Description
Description
LLVM Trunk has added first support for OMPT callbacks for target directives. During testing, I noticed that callbacks for offloading to host are dispatched as well. While that's fine, the callbacks ompt_callback_device_initialize
, ompt_callback_device_load
, ompt_callback_device_unload
and ompt_callback_device_finalize
are not dispatched.
The callback ompt_callback_device_unload
is not implemented as far as I know, but I would expect the others to show up.
Missing ompt_callback_device_initialize
is against the OpenMP specifications, which state [Link]:
The OpenMP implementation invokes this callback after OpenMP is initialized for the device but before execution of any OpenMP construct is started on the device.
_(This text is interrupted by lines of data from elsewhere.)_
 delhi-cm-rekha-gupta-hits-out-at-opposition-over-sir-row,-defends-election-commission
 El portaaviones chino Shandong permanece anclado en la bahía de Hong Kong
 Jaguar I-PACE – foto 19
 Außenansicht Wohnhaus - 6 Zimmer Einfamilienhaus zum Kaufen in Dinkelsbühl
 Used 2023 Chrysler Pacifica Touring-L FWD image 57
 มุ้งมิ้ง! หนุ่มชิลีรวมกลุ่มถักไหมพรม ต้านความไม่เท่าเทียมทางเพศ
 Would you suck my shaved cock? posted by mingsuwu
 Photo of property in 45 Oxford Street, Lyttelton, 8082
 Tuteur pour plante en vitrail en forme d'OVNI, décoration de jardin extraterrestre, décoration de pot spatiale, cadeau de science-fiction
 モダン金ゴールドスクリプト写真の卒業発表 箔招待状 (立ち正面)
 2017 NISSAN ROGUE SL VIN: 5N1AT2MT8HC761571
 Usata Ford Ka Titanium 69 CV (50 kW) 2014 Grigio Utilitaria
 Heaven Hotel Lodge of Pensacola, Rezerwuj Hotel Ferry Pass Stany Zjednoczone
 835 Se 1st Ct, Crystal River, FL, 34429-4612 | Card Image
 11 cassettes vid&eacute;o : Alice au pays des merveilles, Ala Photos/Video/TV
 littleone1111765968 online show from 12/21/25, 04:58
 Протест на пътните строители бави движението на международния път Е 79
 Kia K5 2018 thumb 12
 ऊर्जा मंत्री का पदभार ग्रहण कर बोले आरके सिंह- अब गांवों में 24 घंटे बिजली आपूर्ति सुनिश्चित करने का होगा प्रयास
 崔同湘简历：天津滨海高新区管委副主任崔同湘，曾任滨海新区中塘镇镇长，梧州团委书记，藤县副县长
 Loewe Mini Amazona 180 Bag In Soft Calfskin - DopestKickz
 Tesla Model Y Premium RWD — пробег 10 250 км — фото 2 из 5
NVHPC 23.7 also dispatches ompt_callback_target
without ompt_callback_device_initialize
. However, in their case one can identify the host execution by checking the device_num
against the returned value of ompt_get_num_devices
which is either negative, or above ompt_get_num_devices
. In the case of LLVM, offloading to host seems to initialize four devices, which are handled just like offloading to GPUs. Therefore, we get normal device numbers. We can verify this by running llvm-omp-device-info
$ llvm-omp-device-info
Device (0):
Device Type Generic-elf-64bit
Device (1):
Device Type Generic-elf-64bit
Device (2):
Device Type Generic-elf-64bit
Device (3):
Device Type Generic-elf-64bit
Device (4):
CUDA Driver Version 12020
CUDA OpenMP Device Number 0
Device Name NVIDIA GeForce MX550
Global Memory Size 94779004878848 bytes
Number of Multiprocessors 16
Concurrent Copy and Execution Yes
Total Constant Memory 65536 bytes
Max Shared Memory per Block 49152 bytes
Registers per Block 65536
Warp Size 32
Maximum Threads per Block 1024
Maximum Block Dimensions
x 1024
y 1024
z 64
Maximum Grid Dimensions
x 2147483647
y 65535
z 65535
Maximum Memory Pitch 2147483647 bytes
Texture Alignment 512 bytes
Clock Rate 1320000 kHz
Execution Timeout No
Integrated Device No
Can Map Host Memory Yes
Compute Mode Default
Concurrent Kernels Yes
ECC Enabled No
Memory Clock Rate 6001000 kHz
Memory Bus Width 64 bits
L2 Cache Size 524288 bytes
Max Threads Per SMP 1024
Async Engines 3
Unified Addressing Yes
Managed Memory Yes
Concurrent Managed Memory Yes
Preemption Supported Yes
Cooperative Launch Yes
Multi-Device Boars No
Compute Capabilities sm_75
Reproducer
I used one of the aomp smoke tests veccopy-ompt-target-emi to verify this issue.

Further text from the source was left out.